Im Hinblick auf Bilder besteht das Ziel von Web-App-Entwicklern darin, Bilder mit bester Qualität so effizient wie möglich bereitzustellen. In diesem Artikel werden einige nützliche Techniken vorgestellt, mit denen Sie dies heute und in naher Zukunft erreichen können.

Bilder nach Möglichkeit vermeiden

Bevor Sie diese Würmerform öffnen, bedenken Sie, dass das Web viele leistungsstarke Technologien bietet, die weitgehend unabhängig von Auflösung und DPI sind. Insbesondere Text, SVG und viele CSS-Elemente werden aufgrund der automatischen Pixelskalierungsfunktion (über devicePixelRatio) im Web „einfach funktionieren“.

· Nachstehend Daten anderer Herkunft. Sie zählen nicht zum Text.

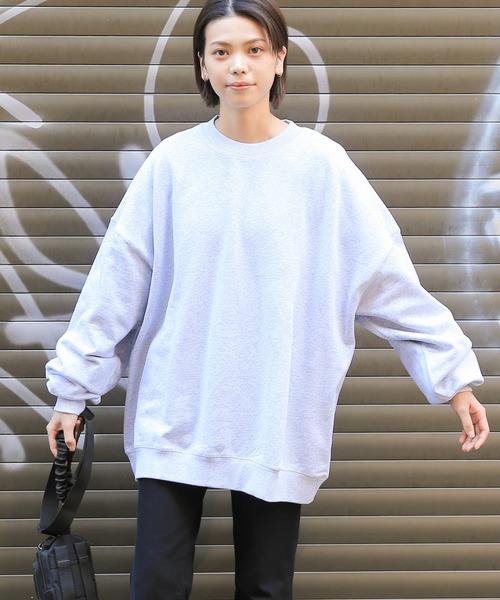 WAIPER.inc(ワイパーインク)の「USAコットン!Good wear グッドウェア BIG クルーネックトレーナー【2W7-0521】(スウェット・メンズ・ブラック/ベージュ/ネイビー/オフホワイト/カーキ/杢グレー/ブラウン/ダークグリーン/グレイッシュベージュ/チャコールグレー・S/M/L/XL)」の19枚目の写真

Allerdings lassen sich Rasterbilder nicht immer vermeiden. Das kann z. B. der Fall sein, wenn Sie Assets erhalten, die sich mit reinem SVG/CSS nur schwer reproduzieren lassen, oder dass es sich um ein Foto handelt. Sie können das Bild zwar automatisch in SVG konvertieren, aber eine Vektorisierung von Fotos ist nicht sinnvoll, da vergrößerte Versionen in der Regel nicht gut aussehen.

Hintergrund

Die bisherigen Daten zur Anzeigedichte

Anfangs hatten Computerbildschirme eine Pixeldichte von 72 oder 96 dpi (dots per inch).

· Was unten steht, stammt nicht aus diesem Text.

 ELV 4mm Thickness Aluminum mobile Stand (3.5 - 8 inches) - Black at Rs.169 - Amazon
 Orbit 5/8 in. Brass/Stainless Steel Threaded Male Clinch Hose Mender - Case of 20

Die Pixeldichte von Displays wurde nach und nach verbessert. Dies ist hauptsächlich auf Mobilgeräte zurückzuführen, bei denen Nutzer ihre Smartphones näher ans Gesicht halten, um die Pixel besser sichtbar zu machen. Bis 2008 waren Smartphones mit 150 dpi die neue Norm. Der Trend zur erhöhten Bildschirmdichte hat sich fortgesetzt. Die neuen Smartphones von heute verfügen über 300-dpi-Displays (mit der Bezeichnung „Retina“ von Apple).

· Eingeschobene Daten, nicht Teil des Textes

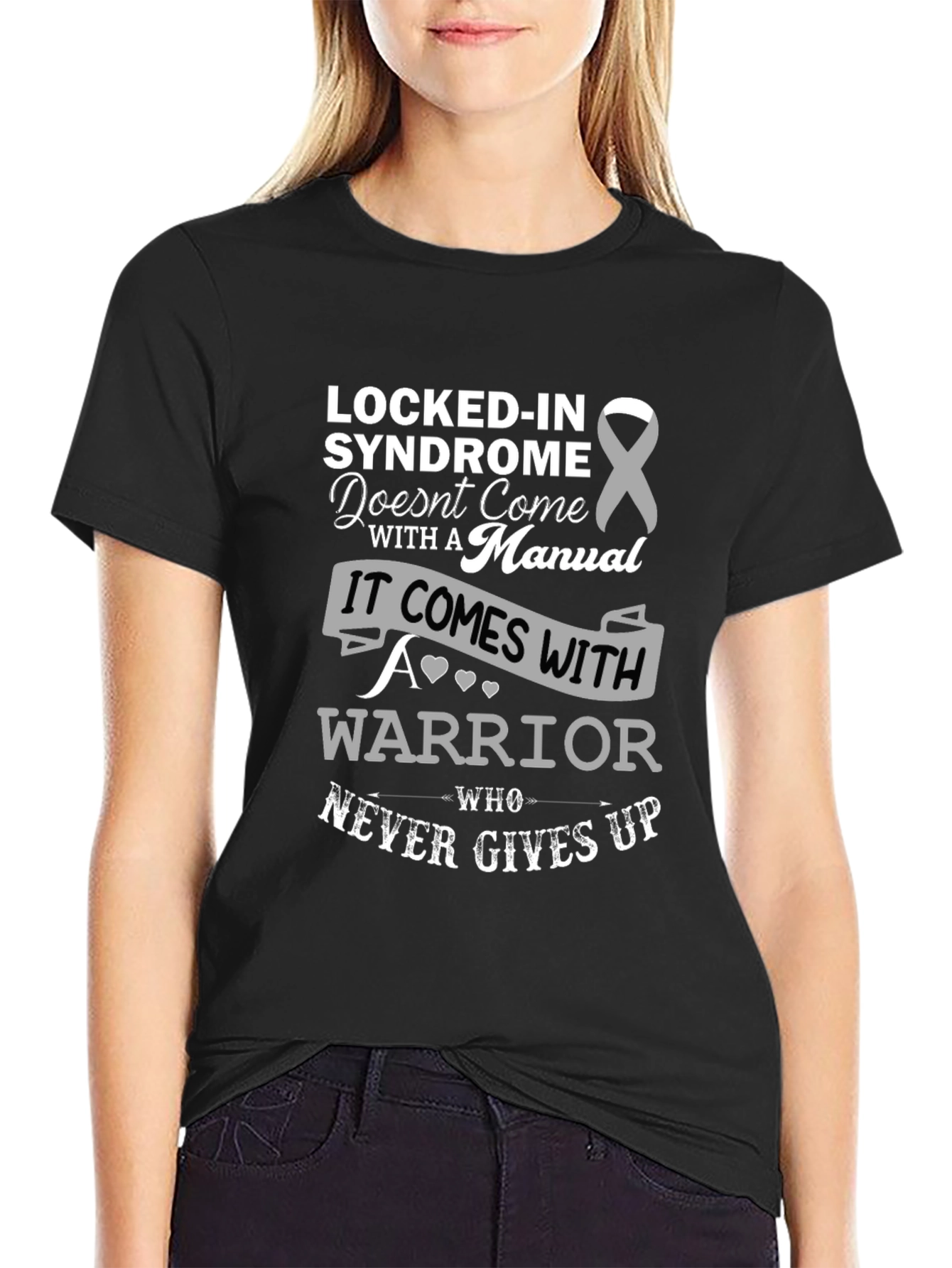 Locked-In Syndrome Warrior T-Shirt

Der heilige Gral ist natürlich eine Darstellung, auf der Pixel vollständig unsichtbar sind. Was den Formfaktor eines Smartphones betrifft, kann die aktuelle Generation von Retina/HiDPI-Displays nah an diesem Ideal sein. Aber neue Klassen von Hardware und Wearables wie Project Glass werden wahrscheinlich weiterhin zu einer höheren Pixeldichte führen.

In der Praxis sollten Bilder mit niedriger Dichte auf neuen Bildschirmen genauso aussehen wie auf alten. Allerdings sehen die Bilder mit niedriger Dichte im Vergleich zu den scharfen Bildern, die Nutzer mit hoher Dichte gewohnt sind, irritierend und verpixelt aus. Im Folgenden finden Sie eine grobe Simulation, wie ein 1x-Bild auf einem 2x-Display aussieht. Im Gegensatz dazu sieht das 2x-Bild ziemlich gut aus.

Pavian 1x
Pavian 2x
Die Paviane haben unterschiedliche Pixeldichten.

Pixel im Web

Bei der Entwicklung des Webs hatten 99% der Bildschirme eine Auflösung von 96 dpi (oder es wird vorgetäuscht), und es wurden nur wenige Vorkehrungen getroffen, um diese Darstellung zu variieren. Aufgrund der großen Unterschiede bei Bildschirmgrößen und -dichten brauchten wir eine Standardmethode, damit Bilder bei verschiedenen Bildschirmdichten und Abmessungen gut aussehen.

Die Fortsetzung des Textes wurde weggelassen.